What Every Runner Should Know About Hydration

What Every Runner Should Know About Hydration

Running can seem very intuitive, but there’s actually quite a lot that runners need to learn. Every runner should pay special attention to hydration- it entails way more than just carrying water when running. Any run or jog that lasts more than 45 minutes is considered a long-distance run. While it’s nothing that the Orange Full insoles can’t handle, dehydration is another issue that can be dangerous! Here’s what every runner needs to know about hydration: 

Consider Sports Drinks

While water is your best bet for everyday hydration, drinks with electrolytes and carbs can replenish your energy much better than plain water. Still, you should save sports drinks for long runs since it’s often not needed during shorter runs. Here are some signs you could benefit from a sports drink: 

  • If you’re running on a warm day 
  • If you’re feeling muscle fatigue during the run
  • If you sweat more than the average person 
  • You’re going to be running for more than an hour 

On the downside, many of these drinks are very high in sugar or have ingredients that can upset your stomach during runs, so it’s important to figure out what works best for you. There are some alternatives that can provide you with the same benefits as standard sports drinks, but remember to check in with your doctor before trying anything new. 

Consider Hydration Powders

Hydration powders are quickly replacing standard sports drinks. They are often much healthier and packed with more vitamins and minerals to support your health in many other ways. Here are some of the best mixes on the market that are favorites among runners: 

Hydrate Beforehand and During Your Run

Even if you’ll be carrying water when running, you’ll want to hydrate before you begin so that you can get a head start before sweating it out. Drink small amounts up until you begin your run so that your stomach isn’t heavy when you begin. 
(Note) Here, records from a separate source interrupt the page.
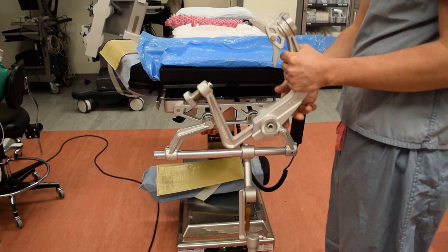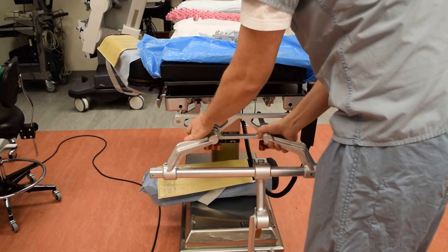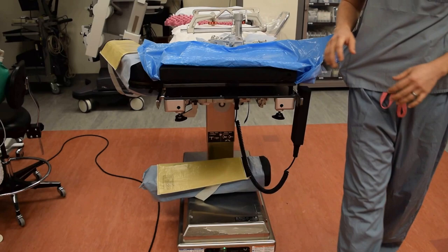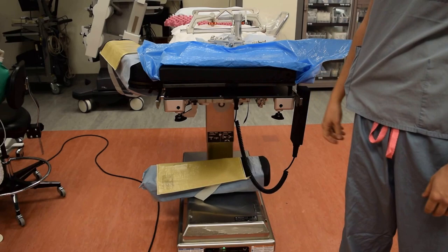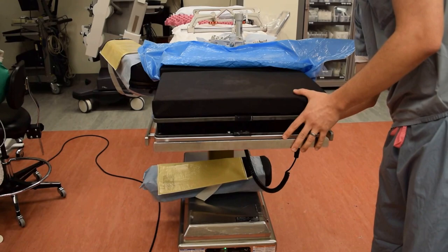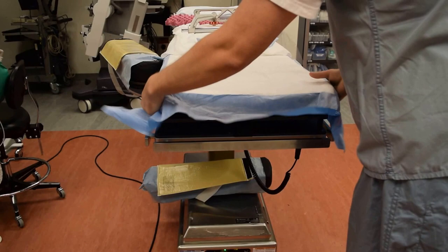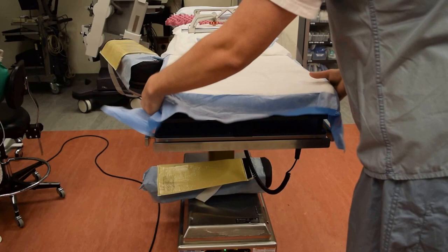You would then unlock the bed adapter as a unit and pull the whole piece out, placing it in another part of the room away from the patient's bed and out of the way of anesthesia. We're going to grab the original piece of the bed, put that back in, and lock the two black screws in place. Then place the sheet back over this. Anesthesia may want a pillow, and then the patient's head can go back on and they can be ready for extubation or transfer to the ICU bed.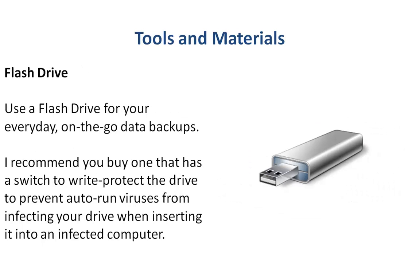And for your everyday data backups, flash drives are great. These are great for just carrying around your neck on a lanyard or in your pocket. I wouldn't recommend them for long-term backups — for one, the size isn't as big as portable hard drives, and they don't last as long and could be lost — but they are great for your everyday data backups.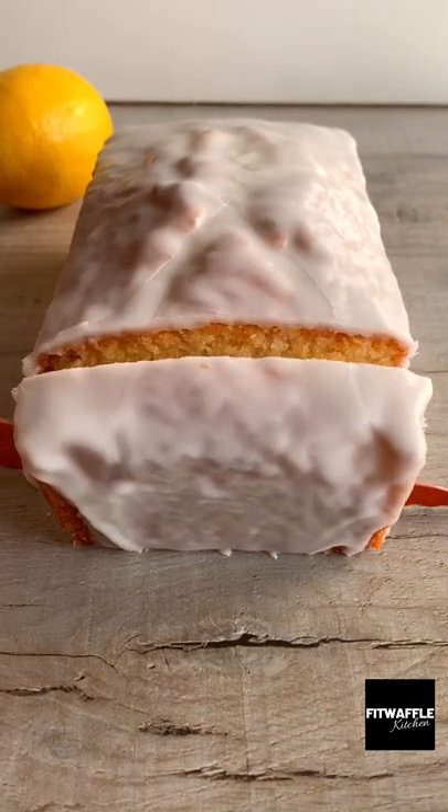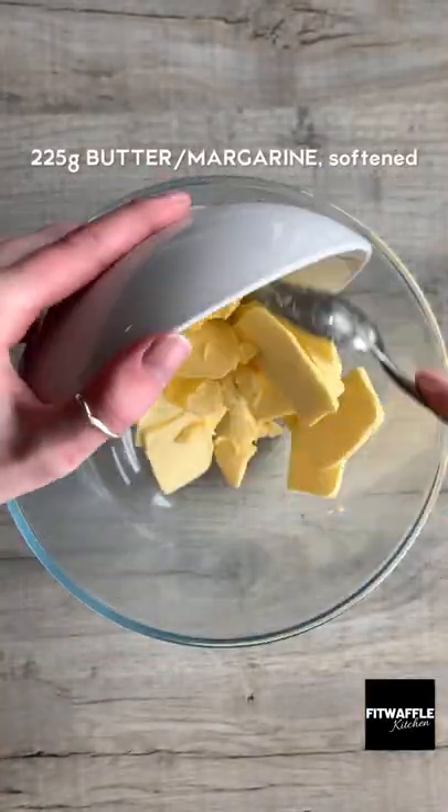What's up guys? Today we're going to be making a copycat Starbucks lemon cake and it's so good.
It’s recommended that you drink 16 to 24 ounces slowly around 2 to 3 hours beforehand and 3 to 6 ounces of water/ sports drink every 20 minutes after you begin. Keep in mind that these are loose recommendations and everyone’s body is different. You’ll also want to avoid hyponatremia, which comes from drinking too much water and not balancing it with enough sodium.

Signs of Hyponatremia

  • Headache 
  • Nausea 
  • Confusion 
  • Fatigue 
  • Irritation or restlessness
  • Muscle spasms, weakness, or cramps 
  • Seizures 

This is why opting for a sports drink for a very long run can save your life. The sodium in the drink can balance out the excessive water. 

Signs of Dehydration

It can be easy to get caught up in the momentum of your run, but it’s important to slow down and check in with your body. You should take a break and rehydrate with a drink if you notice any of these signs of mild dehydration:

  • Cool, dry skin

  • Headache 

  • Tiredness 

  • Dry mouth 

  • Dizziness 

  • Muscle cramps

Try Planning Out Your Route

If you really want to run intensely, pack lightly and fill up while on the trail. Fountains and rest stops may also keep you from getting lost or too far away from a source of water. This is why it’s a good idea to always run on trails where you know exactly where you can fill up if you need it. 

Gear Up!

Hydration packs are extremely popular for runners since they can be carried like a lightweight backpack, but allow you to drink water through a hands-free straw. Running belts also don’t require that you hold the water in your hand at all times, but these usually provide extra storage for other items. Carrying water when running can be a challenge, but even there are even reusable water bottles designed to be easy to carry while on the move. 

Pay Attention to the Color of Your Urine

Darker shades of urine generally mean that you need more water. You can always take note of your urine while hydrated to get an idea of what your urine usually looks like. Any sort of difference in color may be a sign to start taking small sips to catch up. 

By simply carrying water when running, your body can remain ahead of the game and at optimal performance!